On Friday, Dutch financial crime authorities said they had arrested a man during the week who is suspected of involvement in concealing criminal financial flows and facilitating through Tornado Cash.
And a US Treasury official told my colleague James Politi that this week’s crypto mixer designation will not be its last.
“You might have that libertarian desire, but you’ve lost . . . that’s what the law requires, whether you like it or not,” John Reed Stark, former chief of the SEC’s Office of Internet Enforcement, told me on a call earlier this week. “The United States is not going to be Switzerland when it comes to finance.”
I’d like to hear from you. What’s your take on the US Treasury and Tornado Cash? Email me at firstname.lastname@example.org.
The week’s highlights
HotBit — the “leading cryptocurrency trading platform” you’ve probably never heard of before — suspended operations in one of the most chaotic crypto announcements I’ve ever read. It said a former employee had violated company rules and maybe criminal laws with a project, but somehow other senior managers had been subpoenaed and law enforcement authorities had frozen some of HotBit’s assets. The company says it has “no knowledge of the illegal information” and is “actively co-operating” with authorities. Users may or may not be reassured by the company’s statement that assets and data are “secure and correct”. Here is the platform’s official and very serious Twitter announcement, together with a GIF showing an anime cartoon girl in tears. Great stuff.
Coinbase’s tough year continued with second-quarter results registering a $1.1bn loss as revenues and trading volumes dwindle. There was also noise about the exchange receiving investigative subpoenas from the SEC on some of its current and future products, as well as staking programs, stablecoin and yield-generating products. This, however, is not new.

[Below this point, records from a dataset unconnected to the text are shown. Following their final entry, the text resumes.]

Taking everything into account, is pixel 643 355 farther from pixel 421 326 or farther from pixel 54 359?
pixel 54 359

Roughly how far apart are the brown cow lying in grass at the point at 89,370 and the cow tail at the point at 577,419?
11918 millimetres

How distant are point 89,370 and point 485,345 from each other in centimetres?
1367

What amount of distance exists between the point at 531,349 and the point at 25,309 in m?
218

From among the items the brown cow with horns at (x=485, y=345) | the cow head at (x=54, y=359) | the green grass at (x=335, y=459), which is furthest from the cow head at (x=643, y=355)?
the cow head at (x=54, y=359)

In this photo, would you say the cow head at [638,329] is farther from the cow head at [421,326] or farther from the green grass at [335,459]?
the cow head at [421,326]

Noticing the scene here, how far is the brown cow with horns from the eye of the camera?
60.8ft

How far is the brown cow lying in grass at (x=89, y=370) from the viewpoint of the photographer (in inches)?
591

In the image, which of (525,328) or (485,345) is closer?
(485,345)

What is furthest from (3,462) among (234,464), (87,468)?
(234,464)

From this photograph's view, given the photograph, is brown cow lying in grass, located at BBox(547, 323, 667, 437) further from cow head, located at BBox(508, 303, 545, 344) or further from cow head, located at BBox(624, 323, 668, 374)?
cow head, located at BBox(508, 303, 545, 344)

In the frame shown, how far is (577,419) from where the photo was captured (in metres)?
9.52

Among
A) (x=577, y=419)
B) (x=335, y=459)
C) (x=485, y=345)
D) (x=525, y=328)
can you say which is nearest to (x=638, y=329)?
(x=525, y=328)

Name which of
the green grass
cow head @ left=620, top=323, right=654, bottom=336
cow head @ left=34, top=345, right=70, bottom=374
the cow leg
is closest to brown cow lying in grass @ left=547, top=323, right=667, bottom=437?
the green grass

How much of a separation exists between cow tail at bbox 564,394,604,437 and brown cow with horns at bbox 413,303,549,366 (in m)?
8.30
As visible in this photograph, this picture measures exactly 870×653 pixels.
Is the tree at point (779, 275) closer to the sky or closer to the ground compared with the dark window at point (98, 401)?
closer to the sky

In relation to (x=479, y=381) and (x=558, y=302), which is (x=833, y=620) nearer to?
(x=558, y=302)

Coinbase has been disclosing receipt of these subpoenas for months, here, here and here.
Five years ago, BlackRock chief executive Larry Fink described bitcoin’s popularity as a sign of how much “demand for money laundering there is”. A year ago, he said: “In my last two weeks of business travel, not one question has been asked [about bitcoin and crypto]”, adding “we see very little in terms of investor demand on those types of things”. Yesterday, the asset management giant launched a bitcoin private trust, praising bitcoin as the “primary subject of interest from our clients within the cryptoasset space”. What’s changed, Larry? My inbox is open.

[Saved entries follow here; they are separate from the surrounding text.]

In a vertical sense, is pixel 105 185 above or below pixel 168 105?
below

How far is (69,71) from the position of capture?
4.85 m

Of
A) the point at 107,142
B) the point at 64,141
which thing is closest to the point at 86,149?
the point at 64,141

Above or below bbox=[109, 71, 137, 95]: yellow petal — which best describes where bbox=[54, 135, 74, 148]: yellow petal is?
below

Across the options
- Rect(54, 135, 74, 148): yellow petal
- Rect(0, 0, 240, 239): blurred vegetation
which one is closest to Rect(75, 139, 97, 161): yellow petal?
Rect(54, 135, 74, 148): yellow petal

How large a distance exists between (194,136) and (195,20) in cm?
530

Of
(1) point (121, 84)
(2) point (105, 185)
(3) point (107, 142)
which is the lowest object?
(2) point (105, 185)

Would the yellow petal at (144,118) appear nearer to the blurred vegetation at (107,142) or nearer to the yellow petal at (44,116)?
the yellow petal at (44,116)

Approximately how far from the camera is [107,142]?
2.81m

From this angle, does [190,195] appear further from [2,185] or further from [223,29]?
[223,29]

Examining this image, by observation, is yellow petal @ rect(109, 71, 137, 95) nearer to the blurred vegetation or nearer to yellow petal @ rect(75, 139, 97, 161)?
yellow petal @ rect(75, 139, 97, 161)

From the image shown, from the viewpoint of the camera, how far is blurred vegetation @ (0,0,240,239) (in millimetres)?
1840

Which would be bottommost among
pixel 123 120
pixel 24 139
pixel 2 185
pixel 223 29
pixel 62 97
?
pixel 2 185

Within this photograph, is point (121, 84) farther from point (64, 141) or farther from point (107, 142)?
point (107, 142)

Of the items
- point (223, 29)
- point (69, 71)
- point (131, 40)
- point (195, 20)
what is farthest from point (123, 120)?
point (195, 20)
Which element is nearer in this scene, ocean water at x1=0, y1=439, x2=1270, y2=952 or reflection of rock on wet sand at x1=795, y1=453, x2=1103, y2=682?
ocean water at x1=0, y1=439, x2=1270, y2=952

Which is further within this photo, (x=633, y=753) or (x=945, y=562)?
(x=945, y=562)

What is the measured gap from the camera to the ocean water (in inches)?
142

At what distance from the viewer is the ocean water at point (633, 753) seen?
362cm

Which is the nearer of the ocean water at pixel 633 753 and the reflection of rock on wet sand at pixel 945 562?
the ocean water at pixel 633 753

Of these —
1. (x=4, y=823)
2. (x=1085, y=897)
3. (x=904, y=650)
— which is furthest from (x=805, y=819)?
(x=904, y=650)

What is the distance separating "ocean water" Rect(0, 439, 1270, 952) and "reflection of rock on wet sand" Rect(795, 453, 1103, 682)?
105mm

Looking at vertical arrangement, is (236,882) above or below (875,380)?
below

The Bank of England raised alarm bells on future job losses in a growing metaverse industry. “If a sizeable open-metaverse materialised, households may hold a greater share of their wealth in cryptoassets . . . indirectly, if people are increasingly employed in jobs in metaverse-based settings, their employment outcomes may be affected by risks from cryptoassets,” the BoE said in a recent Bank Underground blog post.
Soundbite of the week: Coinbase ‘could go to zero’

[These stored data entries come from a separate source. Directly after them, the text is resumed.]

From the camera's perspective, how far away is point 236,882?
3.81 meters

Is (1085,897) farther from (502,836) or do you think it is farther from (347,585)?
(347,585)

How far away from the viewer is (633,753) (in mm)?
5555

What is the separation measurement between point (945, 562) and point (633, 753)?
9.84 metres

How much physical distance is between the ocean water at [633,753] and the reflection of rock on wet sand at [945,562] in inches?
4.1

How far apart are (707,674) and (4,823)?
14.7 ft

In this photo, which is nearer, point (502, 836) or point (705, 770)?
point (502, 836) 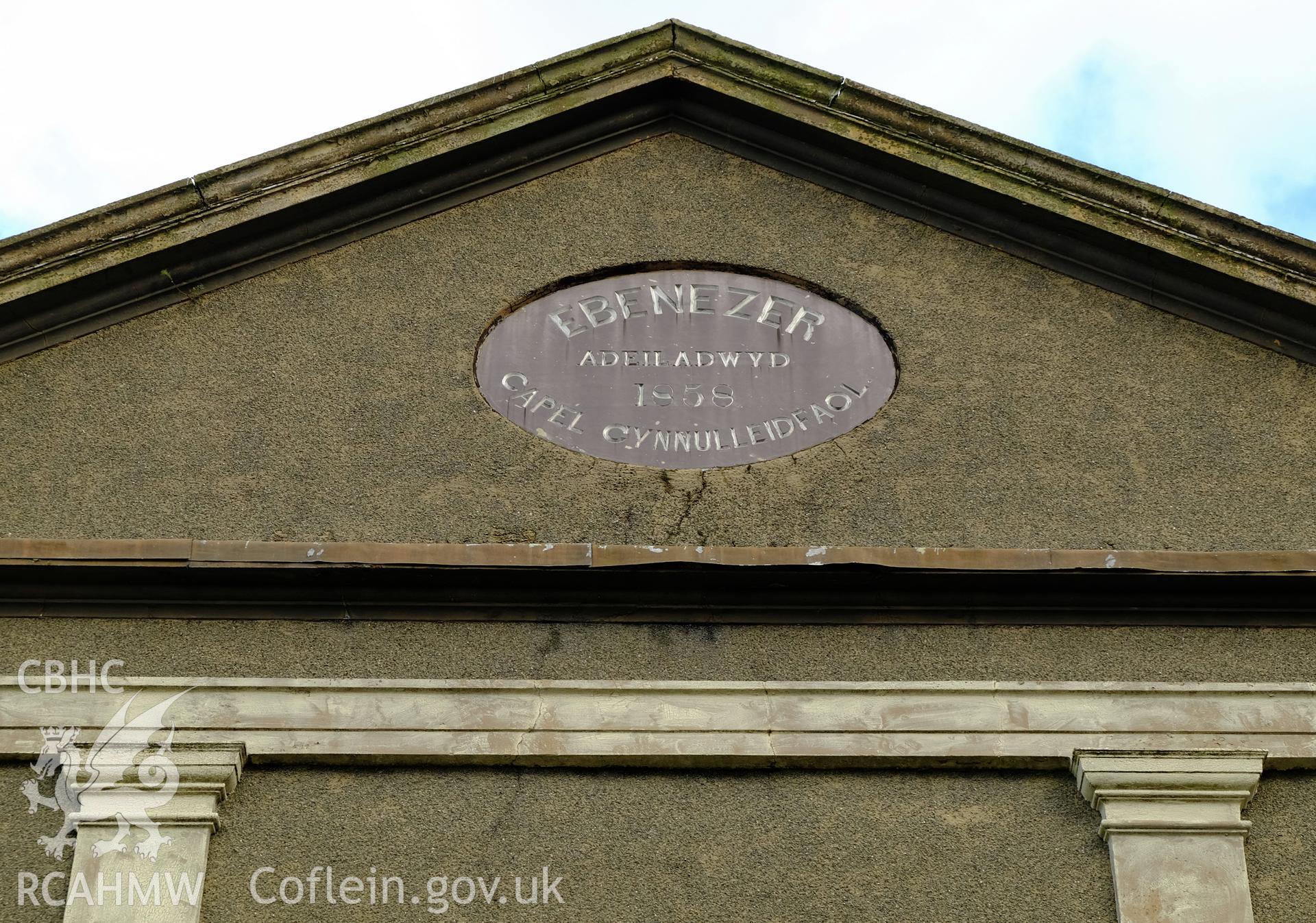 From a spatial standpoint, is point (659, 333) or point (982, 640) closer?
point (982, 640)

Coinbase’s poor Q2 performance has brought out the bears. According to David Trainer, chief executive of investment research firm New Constructs, the worst may be yet to come. Here’s what he told me via email this week:
“This poor performance continues to align with our opinion that Coinbase is a competitively disadvantaged company with a terribly overvalued stock. We think the stock falls into the teens with potential to go to zero and be a Zombie stock if no one steps in to buy it out.”
Are innocent users being unfairly punished by sanctions on crypto mixers? Russia-born Ethereum founder Vitalik Buterin said this week he’d personally used Tornado Cash in the past to donate to Ukraine. For obvious reasons, he didn’t want it public at the time.
But data from companies that track blockchain payments suggest that good actors are minor players. Earlier this year, blockchain analytics platform Chainalysis broke down where exactly funds sent to mixers originally come from. Unsurprisingly “illicit sources” is the overwhelming source of funds for mixers.